Painter wrote that if Waggoner gives up his job at the water plant, which he's had for a decade, then there's no issue.
"On the other hand, if Mr. Waggoner chooses to challenge the city's position and refuses to resign his employment and serve as mayor, an appropriate court action can be filed in advance to obtain a court order resolving the issue ..." Painter wrote.
Painter's memo is the city's first official move in a new dispute over the mayoral election, which Waggoner won with 53 percent of the vote. The city warned that it may seek a judge's ruling to declare the office vacant if Waggoner doesn't choose between his job and the mayorship.

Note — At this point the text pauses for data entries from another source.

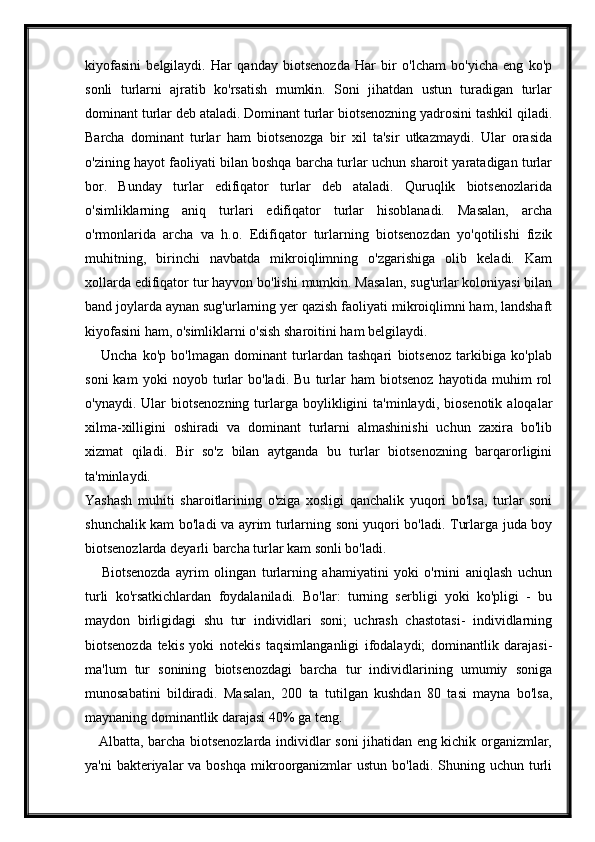 kiyofasini   belgilaydi.   Har   qanday   biotsenozda   Har   bir   o'lcham   bo'yicha   eng   ko'p
sonli   turlarni   ajratib   ko'rsatish   mumkin.   Soni   jihatdan   ustun   turadigan   turlar
dominant turlar deb ataladi. Dominant turlar biotsenozning yadrosini tashkil qiladi.
Barcha   dominant   turlar   ham   biotsenozga   bir   xil   ta'sir   utkazmaydi.   Ular   orasida
o'zining hayot faoliyati bilan boshqa barcha turlar uchun sharoit yaratadigan turlar
bor.   Bunday   turlar   edifiqator   turlar   deb   ataladi.   Quruqlik   biotsenozlarida
o'simliklarning   aniq   turlari   edifiqator   turlar   hisoblanadi.   Masalan,   archa
o'rmonlarida   archa   va   h.o.   Edifiqator   turlarning   biotsenozdan   yo'qotilishi   fizik
muhitning,   birinchi   navbatda   mikroiqlimning   o'zgarishiga   olib   keladi.   Kam
xollarda edifiqator tur hayvon bo'lishi mumkin. Masalan, sug'urlar koloniyasi bilan
band joylarda aynan sug'urlarning yer qazish faoliyati mikroiqlimni ham, landshaft
kiyofasini ham, o'simliklarni o'sish sharoitini ham belgilaydi.
      Uncha   ko'p   bo'lmagan   dominant   turlardan   tashqari   biotsenoz   tarkibiga   ko'plab
soni   kam   yoki   noyob   turlar   bo'ladi.   Bu   turlar   ham   biotsenoz   hayotida   muhim   rol
o'ynaydi.  Ular   biotsenozning  turlarga  boylikligini  ta'minlaydi,  biosenotik   aloqalar
xilma-xilligini   oshiradi   va   dominant   turlarni   almashinishi   uchun   zaxira   bo'lib
xizmat   qiladi.   Bir   so'z   bilan   aytganda   bu   turlar   biotsenozning   barqarorligini
ta'minlaydi.  
Yashash   muhiti   sharoitlarining   o'ziga   xosligi   qanchalik   yuqori   bo'lsa,   turlar   soni
shunchalik kam bo'ladi va ayrim turlarning soni yuqori bo'ladi. Turlarga juda boy
biotsenozlarda deyarli barcha turlar kam sonli bo'ladi.  
      Biotsenozda   ayrim   olingan   turlarning   ahamiyatini   yoki   o'rnini   aniqlash   uchun
turli   ko'rsatkichlardan   foydalaniladi.   Bo'lar:   turning   serbligi   yoki   ko'pligi   -   bu
maydon   birligidagi   shu   tur   individlari   soni;   uchrash   chastotasi-   individlarning
biotsenozda   tekis   yoki   notekis   taqsimlanganligi   ifodalaydi;   dominantlik   darajasi-
ma'lum   tur   sonining   biotsenozdagi   barcha   tur   individlarining   umumiy   soniga
munosabatini   bildiradi.   Masalan,   200   ta   tutilgan   kushdan   80   tasi   mayna   bo'lsa,
maynaning dominantlik darajasi 40% ga teng.  
     Albatta, barcha biotsenozlarda individlar soni jihatidan eng kichik organizmlar,
ya'ni   bakteriyalar   va boshqa   mikroorganizmlar   ustun  bo'ladi.  Shuning  uchun turli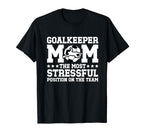 Funny Soccer Goalkeeper Mom Soccer T-Shirt - Casual Everyday Wear Unisex
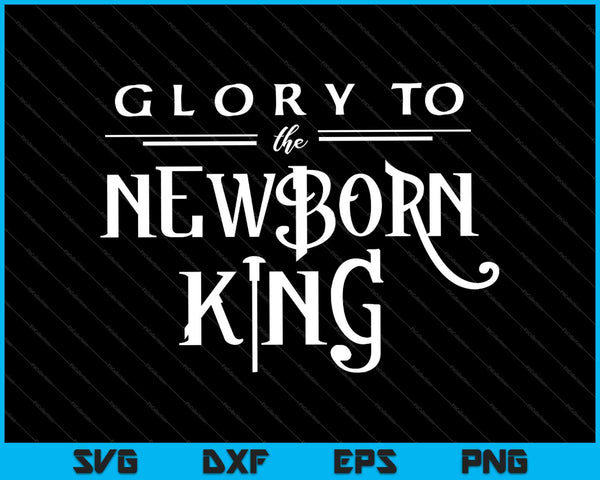 Gloria al rey recién nacido SVG PNG cortando archivos imprimibles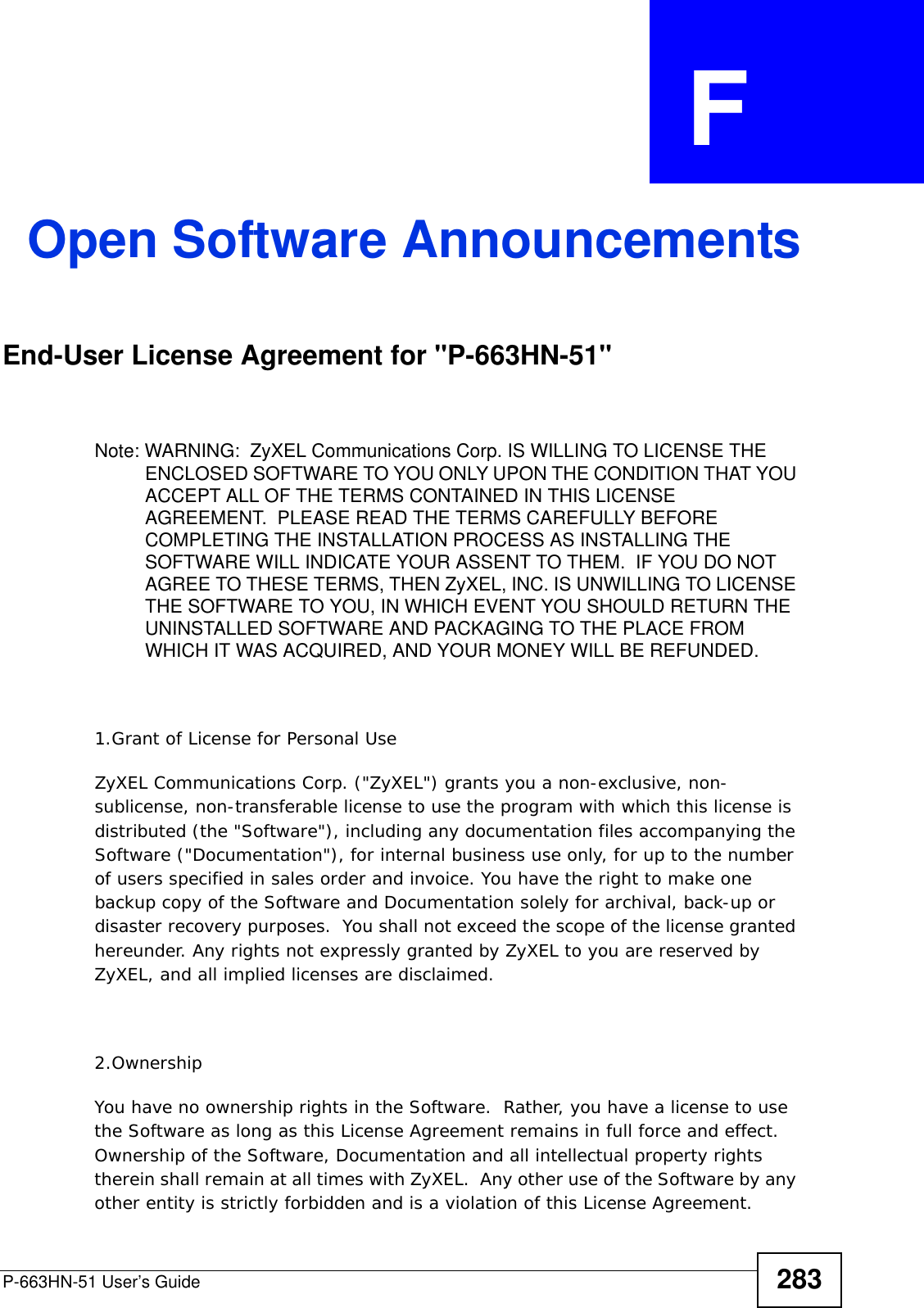 P-663HN-51 User’s Guide 283APPENDIX  F Open Software AnnouncementsEnd-User License Agreement for &quot;P-663HN-51&quot; Note: WARNING:  ZyXEL Communications Corp. IS WILLING TO LICENSE THE ENCLOSED SOFTWARE TO YOU ONLY UPON THE CONDITION THAT YOU ACCEPT ALL OF THE TERMS CONTAINED IN THIS LICENSE AGREEMENT.  PLEASE READ THE TERMS CAREFULLY BEFORE COMPLETING THE INSTALLATION PROCESS AS INSTALLING THE SOFTWARE WILL INDICATE YOUR ASSENT TO THEM.  IF YOU DO NOT AGREE TO THESE TERMS, THEN ZyXEL, INC. IS UNWILLING TO LICENSE THE SOFTWARE TO YOU, IN WHICH EVENT YOU SHOULD RETURN THE UNINSTALLED SOFTWARE AND PACKAGING TO THE PLACE FROM WHICH IT WAS ACQUIRED, AND YOUR MONEY WILL BE REFUNDED.1.Grant of License for Personal UseZyXEL Communications Corp. (&quot;ZyXEL&quot;) grants you a non-exclusive, non-sublicense, non-transferable license to use the program with which this license is distributed (the &quot;Software&quot;), including any documentation files accompanying the Software (&quot;Documentation&quot;), for internal business use only, for up to the number of users specified in sales order and invoice. You have the right to make one backup copy of the Software and Documentation solely for archival, back-up or disaster recovery purposes.  You shall not exceed the scope of the license granted hereunder. Any rights not expressly granted by ZyXEL to you are reserved by ZyXEL, and all implied licenses are disclaimed.2.OwnershipYou have no ownership rights in the Software.  Rather, you have a license to use the Software as long as this License Agreement remains in full force and effect.  Ownership of the Software, Documentation and all intellectual property rights therein shall remain at all times with ZyXEL.  Any other use of the Software by any other entity is strictly forbidden and is a violation of this License Agreement.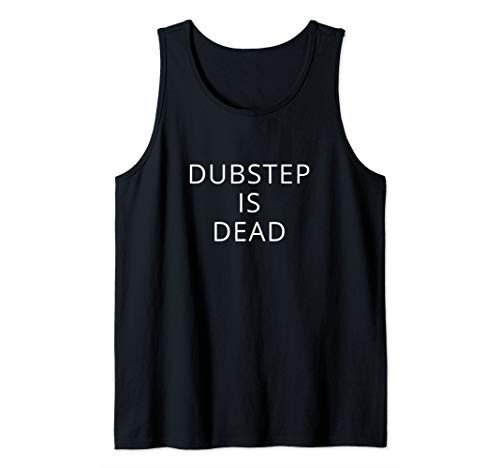 Dubstep Is Dead Tank Top #TOP22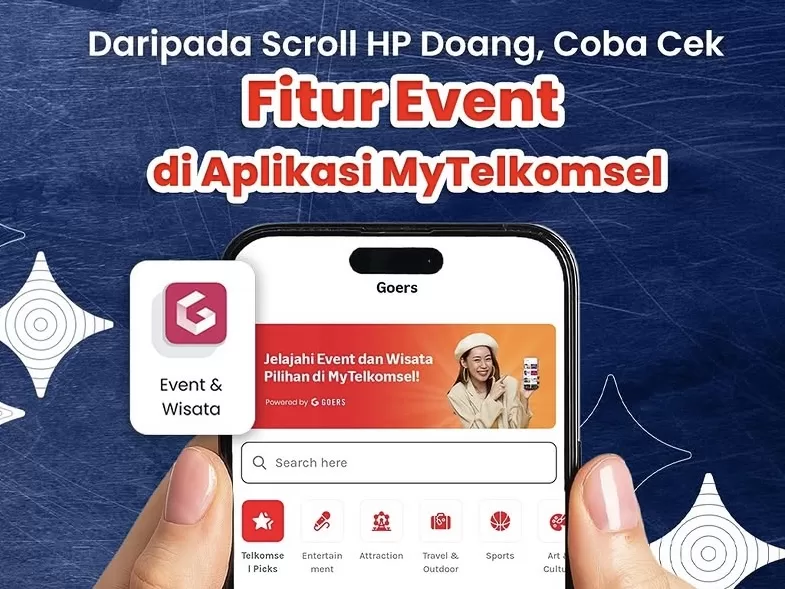 Masih bingung mau ke mana? Fitur Event & Destination di MyTelkomsel siap membantu menemukan acara favoritmu.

The city is giving Waggoner until early January, when elected officials are sworn in, to make his choice.
“I got until Jan. 2," he said. "I don’t have to give them an answer. They can demand an answer all they want but they're not getting one until Jan 2.”
A choice isn't something Waggoner planned to make. He's contended that he would avoid union conflicts that might arise while being both mayor and a city employee.
Painter's memo outlining the city's position relied on a 1998 opinion by Montana's attorney general at the time, Joseph Mazurek. That opinion addressed whether a public works employee and director could also sit on a city council.
Mazurek wrote that the positions are "incompatible," mainly because an official shouldn't have control over the hiring or firing of his or her own city job.
In Laurel's case, the city charter gives the mayor the authority to fire any employee or department head. That would give Waggoner undue supervision of his own job, Painter wrote.
In his memo, Painter indicates twice that the city warned Waggoner about conflicts when he ran for mayor four years ago. But Waggoner said he didn't run for mayor in 2013.
County records show current Mayor Mark Mace ran unopposed, though write-ins took 25 percent of the vote. Waggoner said he wasn't a write-in candidate for any office in 2013.
He did, however, run for Ward 1 on the Laurel City Council in 2011. He lost by 20 points.
While the dispute may simmer for a month or so, Painter did provide guidance for city officials in case the mayor position is deemed vacant. He said that the City Council would appoint a mayor to hold the position until the next municipal election in 2019.
The elected mayor in 2019 would serve out the remainder of the original mayoral term and face another election in 2021, Painter wrote.
That scenario could play out in a couple ways. One would require Waggoner to decline the mayorship. Another would require a judge to issue a ruling declaring Waggoner ineligible to assume office and the mayor position as legally vacant.
If the situation were a chess game, it would be Waggoner's move.
“I'm not going by their attorney," he said. "I personally don’t think they have the authority to do it.”